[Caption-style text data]
------
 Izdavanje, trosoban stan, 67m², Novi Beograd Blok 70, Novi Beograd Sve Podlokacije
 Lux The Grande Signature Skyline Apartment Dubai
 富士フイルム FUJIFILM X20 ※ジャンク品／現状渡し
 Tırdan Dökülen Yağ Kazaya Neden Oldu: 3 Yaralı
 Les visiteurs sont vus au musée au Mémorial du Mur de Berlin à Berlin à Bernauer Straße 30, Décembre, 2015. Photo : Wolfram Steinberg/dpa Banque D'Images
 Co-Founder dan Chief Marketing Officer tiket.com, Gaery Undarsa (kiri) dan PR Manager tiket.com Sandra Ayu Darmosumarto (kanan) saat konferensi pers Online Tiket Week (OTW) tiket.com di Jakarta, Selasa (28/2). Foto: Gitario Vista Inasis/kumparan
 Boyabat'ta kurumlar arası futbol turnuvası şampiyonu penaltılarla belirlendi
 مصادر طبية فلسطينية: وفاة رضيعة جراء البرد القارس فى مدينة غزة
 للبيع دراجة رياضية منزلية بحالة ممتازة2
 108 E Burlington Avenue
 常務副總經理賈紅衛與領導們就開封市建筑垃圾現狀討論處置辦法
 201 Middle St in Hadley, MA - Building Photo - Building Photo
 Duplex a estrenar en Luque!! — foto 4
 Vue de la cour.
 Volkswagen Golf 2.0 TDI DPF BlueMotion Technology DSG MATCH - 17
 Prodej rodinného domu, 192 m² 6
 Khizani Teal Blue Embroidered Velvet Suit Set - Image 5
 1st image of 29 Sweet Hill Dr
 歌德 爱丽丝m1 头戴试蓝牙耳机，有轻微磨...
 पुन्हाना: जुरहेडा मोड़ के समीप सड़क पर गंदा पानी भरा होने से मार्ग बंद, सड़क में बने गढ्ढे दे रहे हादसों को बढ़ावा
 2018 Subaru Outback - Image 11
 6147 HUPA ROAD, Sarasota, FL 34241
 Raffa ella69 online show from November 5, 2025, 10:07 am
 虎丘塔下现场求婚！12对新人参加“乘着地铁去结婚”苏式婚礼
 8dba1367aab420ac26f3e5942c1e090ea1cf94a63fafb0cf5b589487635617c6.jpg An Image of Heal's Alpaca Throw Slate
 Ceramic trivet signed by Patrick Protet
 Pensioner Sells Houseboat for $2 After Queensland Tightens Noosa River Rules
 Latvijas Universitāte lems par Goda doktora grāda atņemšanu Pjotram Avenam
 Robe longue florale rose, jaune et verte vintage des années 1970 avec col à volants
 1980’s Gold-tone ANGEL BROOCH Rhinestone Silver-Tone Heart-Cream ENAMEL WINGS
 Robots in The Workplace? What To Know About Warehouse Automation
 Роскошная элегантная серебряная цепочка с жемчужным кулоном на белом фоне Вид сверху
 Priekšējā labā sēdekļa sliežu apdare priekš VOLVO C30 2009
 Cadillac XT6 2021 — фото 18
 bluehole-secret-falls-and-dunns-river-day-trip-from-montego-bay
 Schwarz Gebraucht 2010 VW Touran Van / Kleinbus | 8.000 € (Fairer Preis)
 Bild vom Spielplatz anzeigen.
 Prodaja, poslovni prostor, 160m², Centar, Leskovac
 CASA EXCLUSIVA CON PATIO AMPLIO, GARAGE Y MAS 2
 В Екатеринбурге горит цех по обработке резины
------
Whenever a line of the data includes "Photo", copy that line.

 Les visiteurs sont vus au musée au Mémorial du Mur de Berlin à Berlin à Bernauer Straße 30, Décembre, 2015. Photo : Wolfram Steinberg/dpa Banque D'Images
 201 Middle St in Hadley, MA - Building Photo - Building Photo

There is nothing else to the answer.